Die Doktorarbeit endet mit dem turbulenten Frühjahr 1933. In Sinkiang eskalierte die Lage und wirtschaftliche Aktivitäten der Deutschen endeten – ebenso die britischen Propagandaaktivitäten. Für den Verlauf des Jahres 1933 lässt sich konstatieren, dass das „Zweite Turnier der Schatten“ von 1919 bis 1933 sein Ende fand. Die Einflusssphären waren fortan klar zwischen London und Moskau aufgeteilt (die Sowjets hielten Sinkiang[4], die Mongolei und Tannu-Tuwa[5] und die Briten hatten einen dominierenden Einfluss in Afghanistan und Persien), die Deutschen wiederum spielten – bis auf Afghanistan – keine Rolle mehr, viele grenzüberschreitende Aktivitäten wurden beendet und diverse Konsulate geschlossen. Afghanische Militärbeobachter durften fortan nicht mal mehr an sowjetischen Manövern als Gäste teilnehmen.
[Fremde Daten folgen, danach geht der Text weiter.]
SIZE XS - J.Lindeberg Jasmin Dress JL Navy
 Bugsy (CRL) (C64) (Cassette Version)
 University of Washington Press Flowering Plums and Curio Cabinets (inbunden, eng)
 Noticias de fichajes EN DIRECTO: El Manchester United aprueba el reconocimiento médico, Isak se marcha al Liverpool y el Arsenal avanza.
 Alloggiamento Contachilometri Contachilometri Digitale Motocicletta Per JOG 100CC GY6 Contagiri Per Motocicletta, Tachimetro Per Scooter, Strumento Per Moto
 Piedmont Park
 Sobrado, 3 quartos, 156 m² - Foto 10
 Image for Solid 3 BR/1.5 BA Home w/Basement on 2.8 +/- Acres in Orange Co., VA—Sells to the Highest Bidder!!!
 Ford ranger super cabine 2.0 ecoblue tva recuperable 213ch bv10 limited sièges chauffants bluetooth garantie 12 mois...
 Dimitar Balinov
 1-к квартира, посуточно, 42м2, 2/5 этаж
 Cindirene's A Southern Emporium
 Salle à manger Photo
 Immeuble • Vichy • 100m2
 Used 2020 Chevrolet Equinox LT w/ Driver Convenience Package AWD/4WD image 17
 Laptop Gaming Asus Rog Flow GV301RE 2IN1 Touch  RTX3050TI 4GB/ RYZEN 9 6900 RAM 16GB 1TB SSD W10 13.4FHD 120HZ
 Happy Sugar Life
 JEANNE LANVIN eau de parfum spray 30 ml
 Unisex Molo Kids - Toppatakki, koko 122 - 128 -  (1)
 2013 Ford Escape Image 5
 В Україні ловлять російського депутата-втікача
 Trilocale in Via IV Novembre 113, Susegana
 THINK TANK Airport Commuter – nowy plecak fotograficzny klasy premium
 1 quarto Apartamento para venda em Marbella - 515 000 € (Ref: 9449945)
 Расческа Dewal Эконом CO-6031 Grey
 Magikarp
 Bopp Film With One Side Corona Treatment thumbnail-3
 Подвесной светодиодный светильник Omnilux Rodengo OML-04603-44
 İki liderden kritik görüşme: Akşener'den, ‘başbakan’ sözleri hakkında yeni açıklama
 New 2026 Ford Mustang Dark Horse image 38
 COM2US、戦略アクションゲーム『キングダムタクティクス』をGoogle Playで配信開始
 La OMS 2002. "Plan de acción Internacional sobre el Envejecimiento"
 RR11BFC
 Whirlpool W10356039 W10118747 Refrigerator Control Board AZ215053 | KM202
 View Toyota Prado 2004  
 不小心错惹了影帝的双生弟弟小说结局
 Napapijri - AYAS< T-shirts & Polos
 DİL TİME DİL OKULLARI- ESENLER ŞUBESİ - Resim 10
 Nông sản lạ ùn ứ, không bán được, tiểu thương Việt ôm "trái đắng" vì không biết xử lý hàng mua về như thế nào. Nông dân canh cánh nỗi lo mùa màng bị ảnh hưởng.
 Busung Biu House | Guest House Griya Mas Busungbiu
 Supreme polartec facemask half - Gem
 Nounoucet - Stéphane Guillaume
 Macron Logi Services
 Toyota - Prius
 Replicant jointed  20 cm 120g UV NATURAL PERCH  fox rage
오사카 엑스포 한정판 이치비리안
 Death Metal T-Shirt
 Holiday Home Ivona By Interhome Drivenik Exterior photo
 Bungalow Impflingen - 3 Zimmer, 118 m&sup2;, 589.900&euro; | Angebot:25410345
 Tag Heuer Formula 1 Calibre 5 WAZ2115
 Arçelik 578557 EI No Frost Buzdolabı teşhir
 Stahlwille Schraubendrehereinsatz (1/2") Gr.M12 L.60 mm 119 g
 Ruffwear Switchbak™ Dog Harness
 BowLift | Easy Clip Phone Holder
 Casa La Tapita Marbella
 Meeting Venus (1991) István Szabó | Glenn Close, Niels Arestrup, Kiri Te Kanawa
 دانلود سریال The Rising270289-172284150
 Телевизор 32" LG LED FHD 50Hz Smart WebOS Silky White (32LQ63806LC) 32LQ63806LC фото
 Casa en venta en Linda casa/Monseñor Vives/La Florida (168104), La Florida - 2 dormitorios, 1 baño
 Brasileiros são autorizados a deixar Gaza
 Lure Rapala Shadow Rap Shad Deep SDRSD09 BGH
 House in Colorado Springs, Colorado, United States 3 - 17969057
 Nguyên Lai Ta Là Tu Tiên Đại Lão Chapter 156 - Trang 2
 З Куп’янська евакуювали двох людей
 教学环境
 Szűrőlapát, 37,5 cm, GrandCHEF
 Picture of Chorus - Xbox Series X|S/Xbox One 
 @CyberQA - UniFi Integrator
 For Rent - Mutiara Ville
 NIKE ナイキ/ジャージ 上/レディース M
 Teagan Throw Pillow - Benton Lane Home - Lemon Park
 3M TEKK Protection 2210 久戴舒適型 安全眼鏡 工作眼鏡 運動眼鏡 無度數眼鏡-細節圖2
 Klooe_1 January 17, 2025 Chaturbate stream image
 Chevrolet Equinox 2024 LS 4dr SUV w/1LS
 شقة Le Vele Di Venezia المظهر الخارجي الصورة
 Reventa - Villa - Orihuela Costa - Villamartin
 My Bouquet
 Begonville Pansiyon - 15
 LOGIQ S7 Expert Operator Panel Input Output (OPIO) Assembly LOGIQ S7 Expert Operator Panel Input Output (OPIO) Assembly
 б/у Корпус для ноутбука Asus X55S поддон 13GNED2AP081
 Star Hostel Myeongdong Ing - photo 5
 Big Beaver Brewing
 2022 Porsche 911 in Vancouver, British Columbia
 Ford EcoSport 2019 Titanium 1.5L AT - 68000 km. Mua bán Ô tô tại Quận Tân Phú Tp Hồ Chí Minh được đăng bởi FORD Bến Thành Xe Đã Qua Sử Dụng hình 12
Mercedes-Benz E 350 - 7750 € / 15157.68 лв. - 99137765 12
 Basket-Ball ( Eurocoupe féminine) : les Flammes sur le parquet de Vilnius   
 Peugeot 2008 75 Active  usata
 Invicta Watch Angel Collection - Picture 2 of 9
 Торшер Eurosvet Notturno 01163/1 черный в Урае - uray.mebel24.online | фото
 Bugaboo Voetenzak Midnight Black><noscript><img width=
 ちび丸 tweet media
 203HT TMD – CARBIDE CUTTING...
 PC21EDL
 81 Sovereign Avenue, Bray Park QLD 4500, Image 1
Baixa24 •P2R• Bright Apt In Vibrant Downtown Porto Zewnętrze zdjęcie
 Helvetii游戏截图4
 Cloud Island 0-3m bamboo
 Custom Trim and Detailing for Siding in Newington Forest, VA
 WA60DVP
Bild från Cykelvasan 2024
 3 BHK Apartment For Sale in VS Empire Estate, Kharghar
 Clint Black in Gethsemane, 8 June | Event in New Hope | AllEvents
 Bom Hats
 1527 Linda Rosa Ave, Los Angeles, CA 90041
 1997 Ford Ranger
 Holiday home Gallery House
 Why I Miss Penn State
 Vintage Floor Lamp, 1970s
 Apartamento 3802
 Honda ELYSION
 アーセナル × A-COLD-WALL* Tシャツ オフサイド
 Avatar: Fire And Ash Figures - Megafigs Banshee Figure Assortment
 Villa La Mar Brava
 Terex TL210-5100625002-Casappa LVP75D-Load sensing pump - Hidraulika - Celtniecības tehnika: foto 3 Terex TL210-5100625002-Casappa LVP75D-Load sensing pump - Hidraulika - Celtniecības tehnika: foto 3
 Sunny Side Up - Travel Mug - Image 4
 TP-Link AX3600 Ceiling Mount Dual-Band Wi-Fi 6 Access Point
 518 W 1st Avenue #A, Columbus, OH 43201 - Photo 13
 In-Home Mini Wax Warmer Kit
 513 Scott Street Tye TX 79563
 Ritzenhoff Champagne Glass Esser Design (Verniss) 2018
Die Grenzen schienen vorerst dicht.

[1] Folgende Arbeiten streifen diese Themenkomplexe nur: Rudolf A. Mark: Krieg an fernen Fronten: Die Deutschen in Zentralasien und am Hindukusch 1914–1924, Paderborn/München/Wien/Zürich 2013; Lars-Erik Nyman: Great Britain and Chinese, Russian and Japanese Interests in Sinkiang, 1918–1934, Malmö 1977; Franziska Torma: Turkestan-Expeditionen: Zur Kulturgeschichte deutscher Forschungsreisen nach Mittelasien (1890–1930), Bielefeld 2011.
[2] Werner Zürrer: Die britische Intervention in Transkaspien 1918/1919, in: Jahrbücher für Geschichte Osteuropas, Bd. 23 (1975), H. 3, S. 344–380.
[3] Michael Share: The Russian Civil War in Chinese Turkestan (Xinjiang), 1918–1921: A Little Known and Explored Front, in: Europe-Asia Studies, Jg. 62 (2010), Nr. 3, S. 389–420.
[4] Bis 1937 ohne das sogenannte Dunganistan im Süden der Provinz.
[5] Die beiden Volksrepubliken spielen keine zentrale Rolle in der Arbeit, werden aber erwähnt, sobald es für den Kontext von Sinkiang oder gar Buchara und Chiwa relevant ist. Deutschland erkannte die Mongolei de facto an, Tannu-Tuwa jedoch nicht.